By – Omar Khan

Chivalry

It goes without saying that most of the medium of gaming is bogged down these days by generic first-person shooters, each one being increasingly less innovative than the last.  The fact that something as simple as replacing guns with swords can prove to be so innovative begs the question how has it taken this long for a game like Chivalry to exist?  A multiplayer only game, Chivalry takes a bold step in totally re-inventing first person combat, replacing bullets with arrows, and bringing the brutal, hack-and-slashing combat of sword fighting into the real-time PvP world.

Training mode briefly drops you in a back story involving the ‘Agathian Knights’ in a civil war against the ‘Mason Order’. It’s never really fleshed out, and is only served to give you basic training and combat experience. But one can expect nothing less than a game that was originally developed as a Half Life 2 mod. Chivalry doesn’t pretend to provide you with an epic spiel, and it more than makes up for its lack of narrative with its gameplay.  The problem with making a predominantly melee based game, is the simple act of swinging a sword from left to right can get awfully monotonous.

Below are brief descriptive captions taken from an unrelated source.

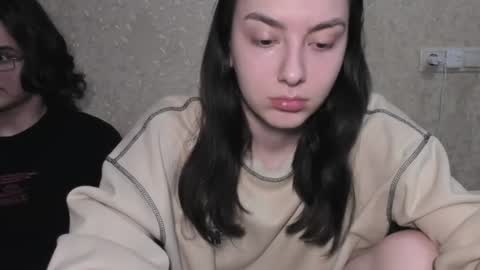cute couple online show from June 20, 11:00 pm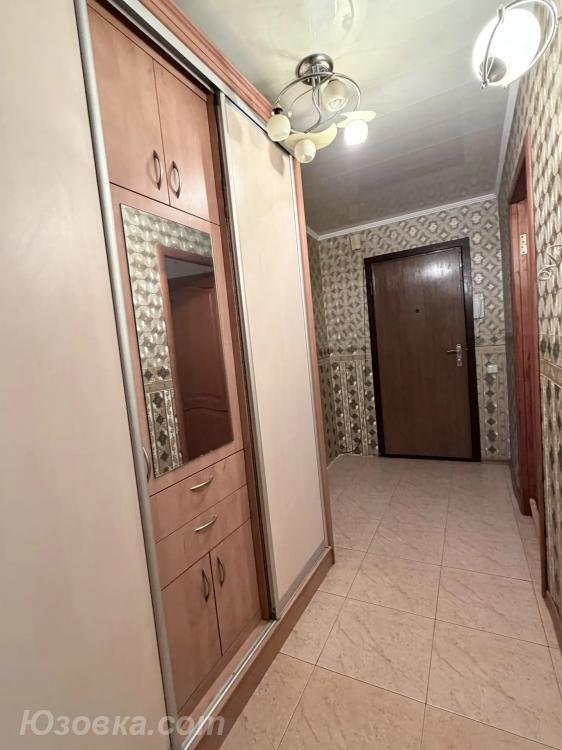 3-комн. квартира, 67 м², вторичка, 1/9 эт.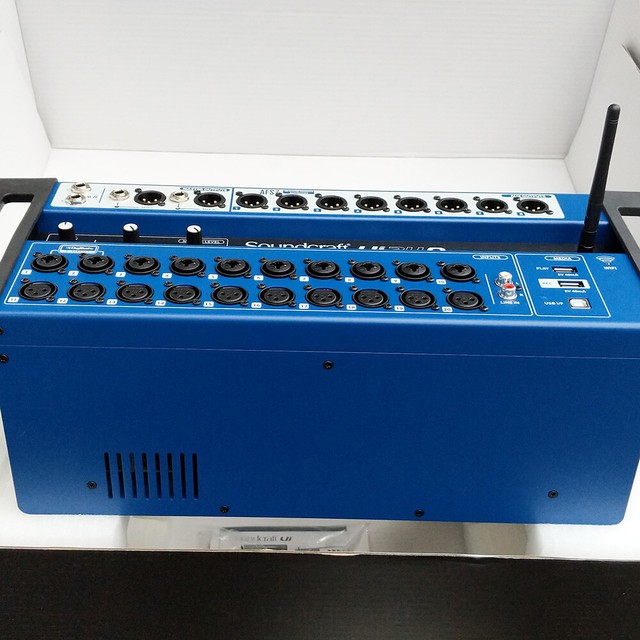 Soundcraft Ui24R 24 Input Digital Mixer w/ Wifi App Control Recording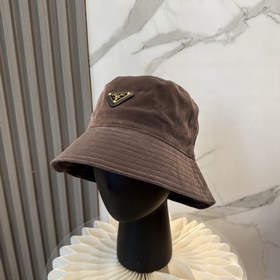 [PRADA] Популярная рыбацкая кепка из
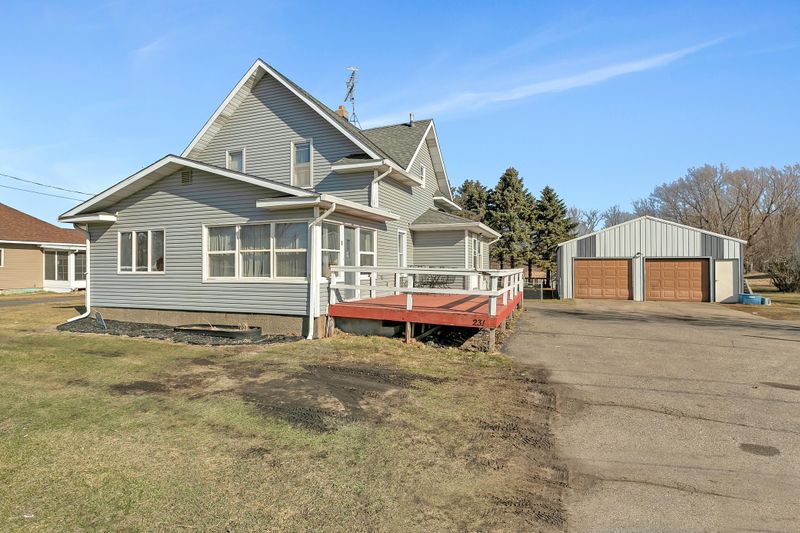231 River St W, Holdingford, MN 56340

Chivalry however, manages to keep gameplay feeling fresh, fair, and as tight as your connection speeds will allow.

Chivalry

 While games like the Elder Scrolls series have combat that could be described as ‘floaty’, Chivalry ensures each blow feels like it does damage with a mixture of HUD changes and sound effects. Stabbing, slashing and overhead attacks are all accessible with an arsenal of weapons that include axes, swords, halberds and maces as well as bows and crossbows for the archer classes. Stabs are a long-distance poke, designed to keep the enemy at bay, slashing is your standard attack and overheads are powerful but lack accuracy. Combos are simple enough to execute, yet easy enough to block when being attacked by them. Skill comes from timing your blocks, knowing when to attack, and watching your stamina bar. Feints and kicks are also special abilities in your arsenal, and each class has their own pros and cons.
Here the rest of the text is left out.